- _Material for this task_
Content starts
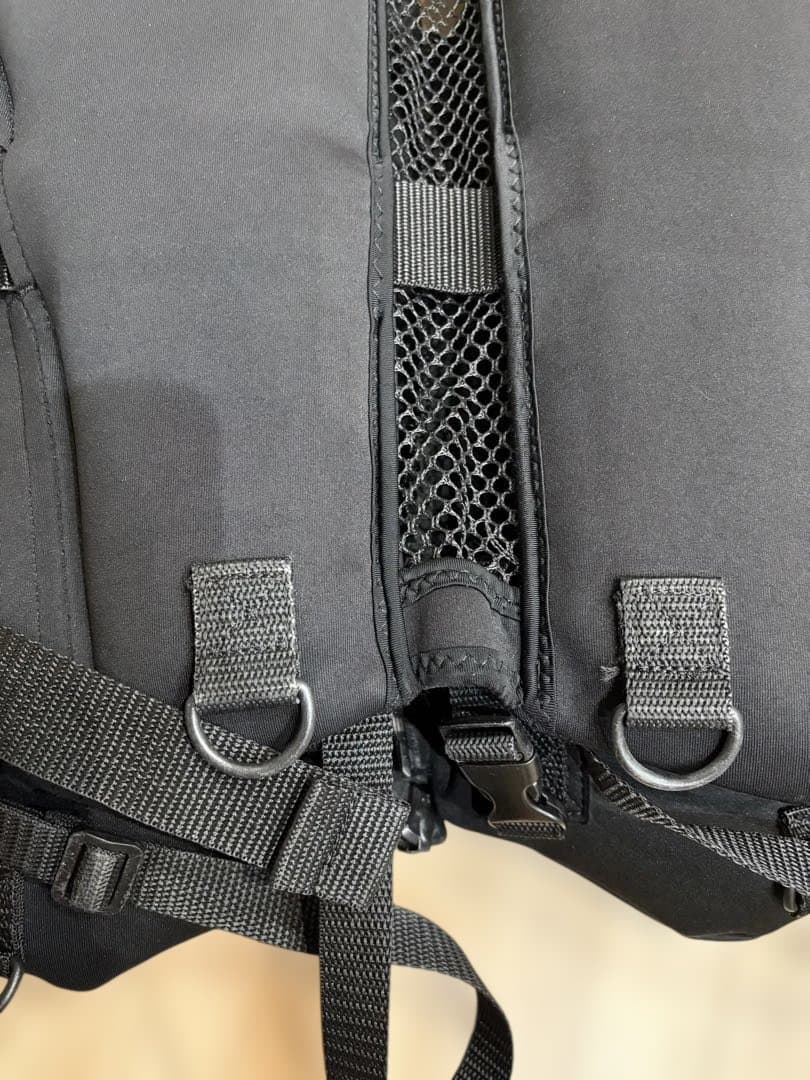 撃投ボディプロテクタークール　撃投ポーチ付き　ロックショアベスト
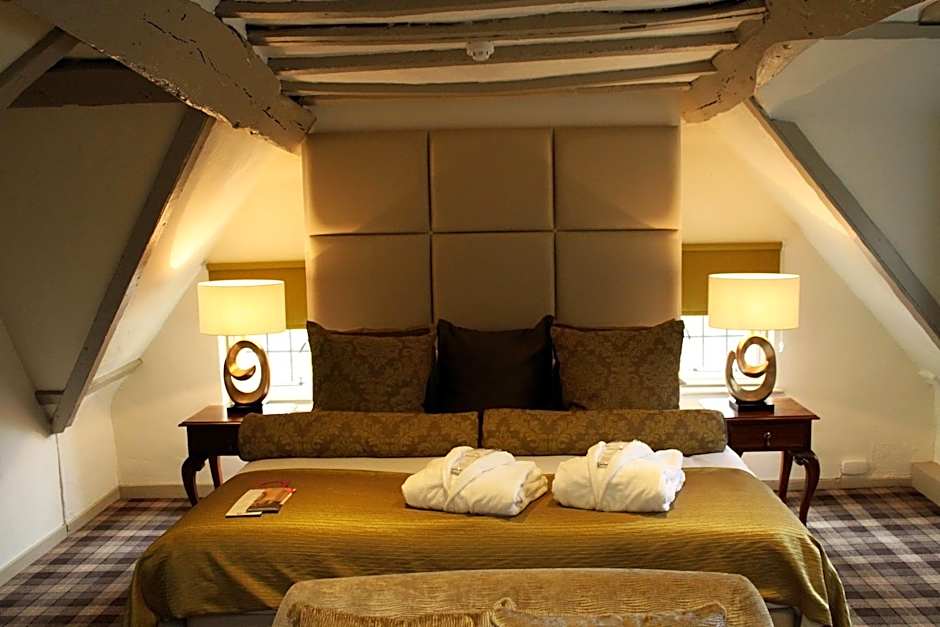 The Legacy Rose & Crown Hotel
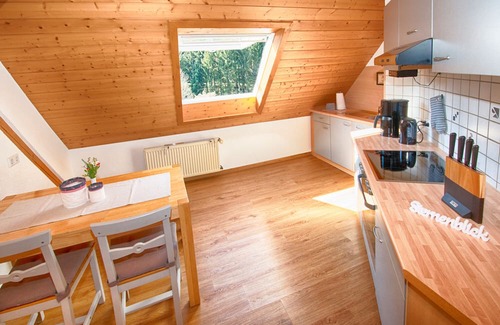 Haslachsimonswald Apartment | Holiday Apartment 'Sternenblick, 61 sqm' with Shared Terrace, Shared Garden and Wi-Fi
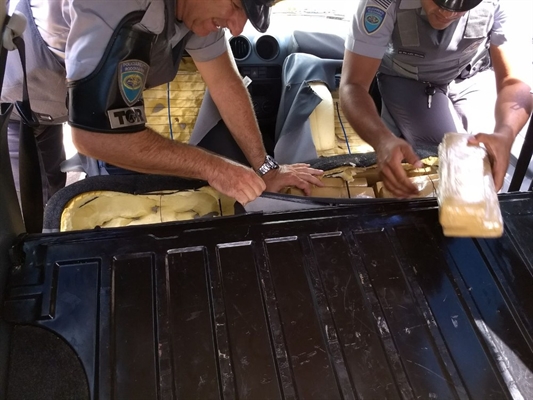 Tabletes de maconha foram encontrados durante fiscalização em rodovia de Castilho (Foto: Polícia Rodoviária/Divulgação)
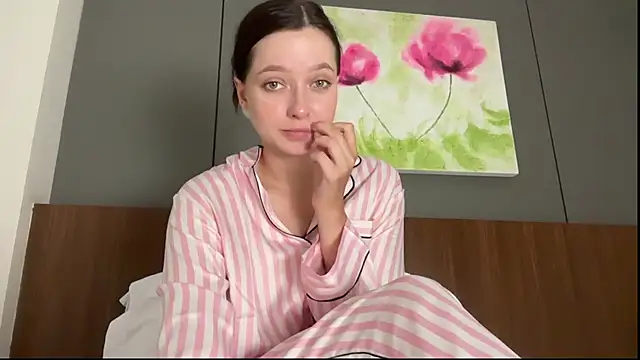 Snapshot of _liatris_ chatting on December 9, 5:07 am liatris online show from December 9, 5:07 am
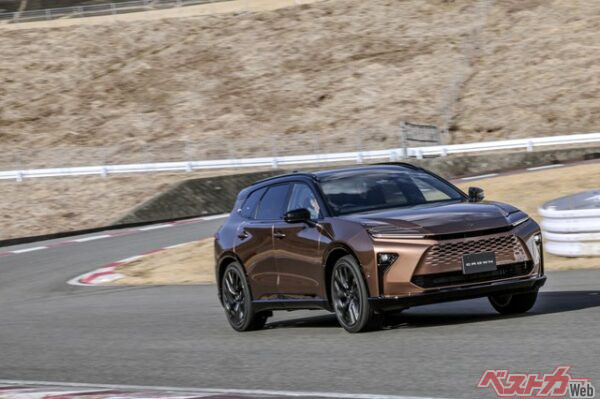 クラウンでしかもワゴンならやっぱり走りは求めたいトコロ！　期待以上の小回りだ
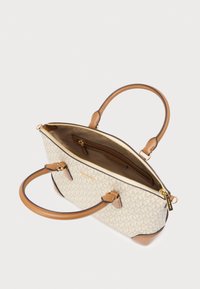 Τσάντα tote από κρεμ ύφασμα με σχέδιο, με ταμπά δερμάτινες λεπτομέρειες, δύο χειρολαβές και κλείσιμο με φερμουάρ. Διαθέτει διαμέρισμα με τσέπη με φερμουάρ στο εσωτερικό.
Content ends
Only the lines from the one containing "Tabletes de maconha" through the last line of the records above should be repeated, exactly and without pictures.

- _The answer_
 Tabletes de maconha foram encontrados durante fiscalização em rodovia de Castilho (Foto: Polícia Rodoviária/Divulgação)
 Snapshot of _liatris_ chatting on December 9, 5:07 am liatris online show from December 9, 5:07 am
 クラウンでしかもワゴンならやっぱり走りは求めたいトコロ！　期待以上の小回りだ
 Τσάντα tote από κρεμ ύφασμα με σχέδιο, με ταμπά δερμάτινες λεπτομέρειες, δύο χειρολαβές και κλείσιμο με φερμουάρ. Διαθέτει διαμέρισμα με τσέπη με φερμουάρ στο εσωτερικό.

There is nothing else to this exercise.